◆ **WHAT THE EXERCISE ASKS**: Carry none of the pictures over; write out the complete data exactly.
:: EXERCISE DATA
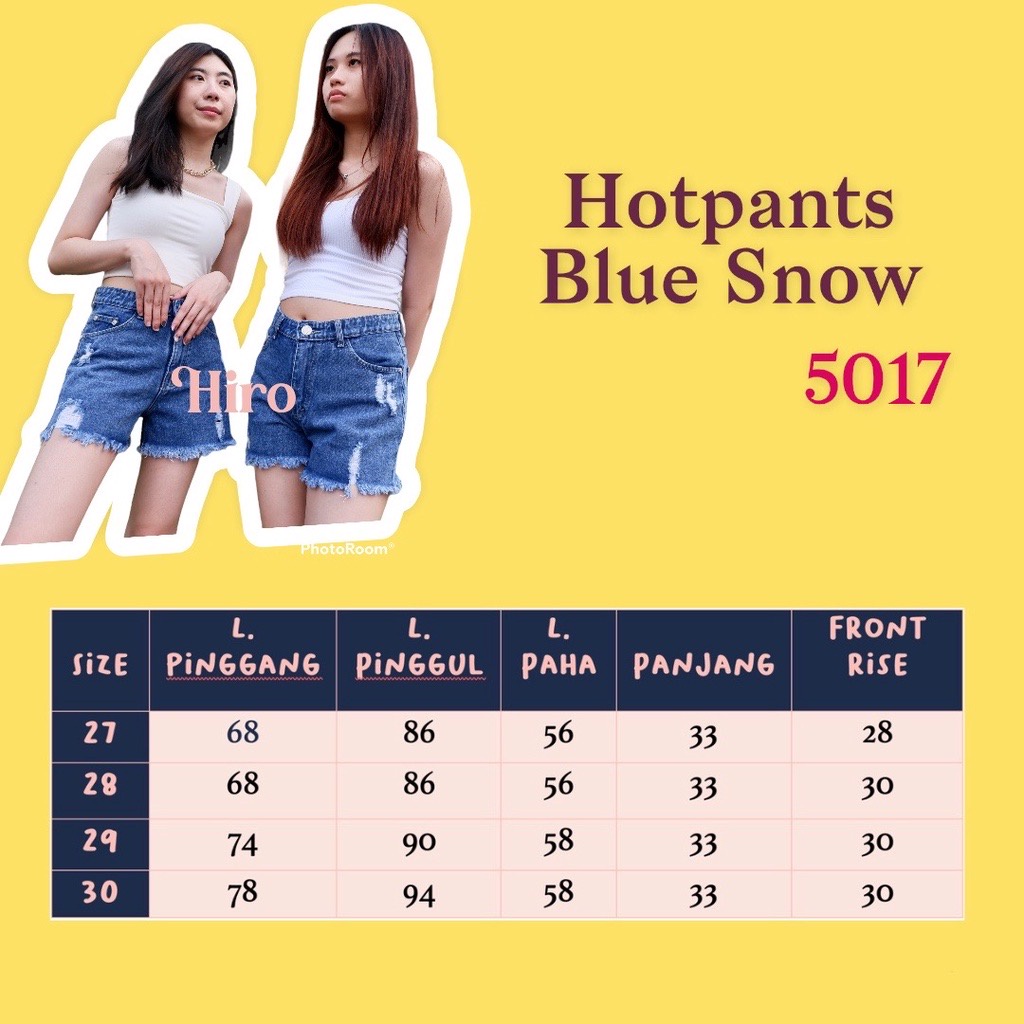 Celana HIRO WEAR DENIM Hot Pants Hotpants Ripped Jeans Wanita Pendek Blue Snow 5017 FANNY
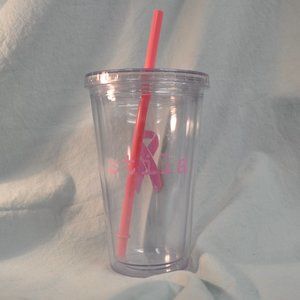 Stila cosmetics pink breast cancer ribbon insulated tumbler w/straw (63)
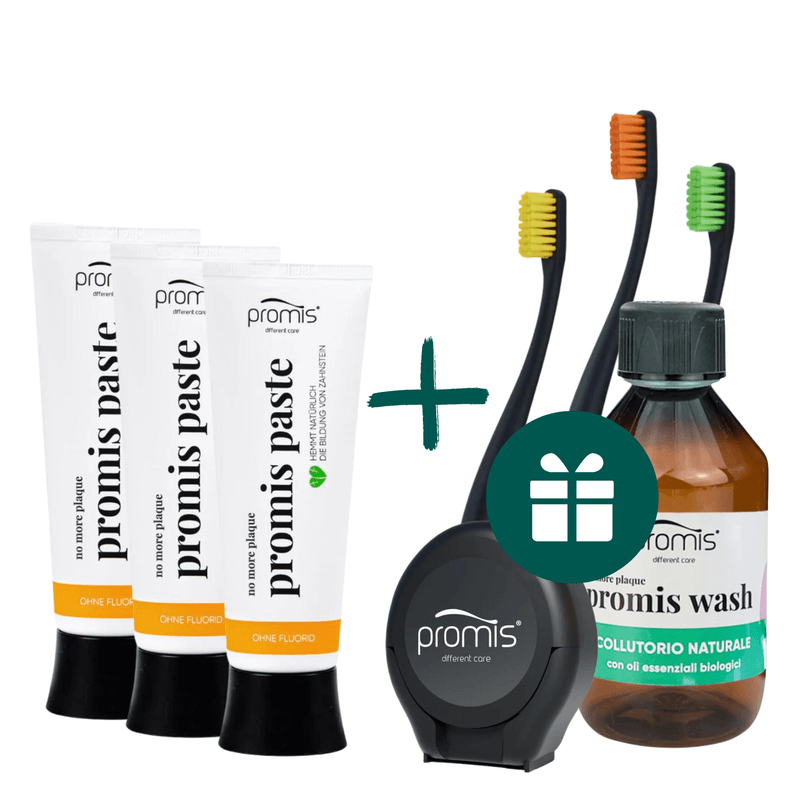 AKCIJA 3+5: "Promis Paste" dantų pasta, 75 ml (3 vnt.) + DOVANA "Promis" dantų šepetėliai (3 vnt.), tarpdančių siūlas (30 m) ir skalavimo skystis (250 ml)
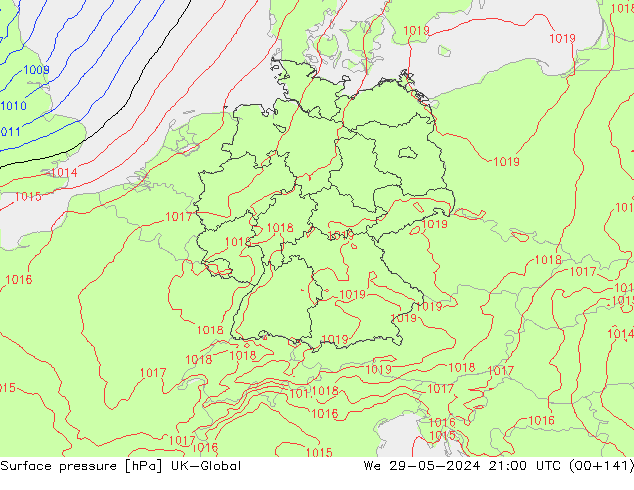 pressão do solo UK-Global Qua 29.05.2024 21 UTC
::::
◆ **FINAL ANSWER**:
 Celana HIRO WEAR DENIM Hot Pants Hotpants Ripped Jeans Wanita Pendek Blue Snow 5017 FANNY
 Stila cosmetics pink breast cancer ribbon insulated tumbler w/straw (63)
 AKCIJA 3+5: "Promis Paste" dantų pasta, 75 ml (3 vnt.) + DOVANA "Promis" dantų šepetėliai (3 vnt.), tarpdančių siūlas (30 m) ir skalavimo skystis (250 ml)
 pressão do solo UK-Global Qua 29.05.2024 21 UTC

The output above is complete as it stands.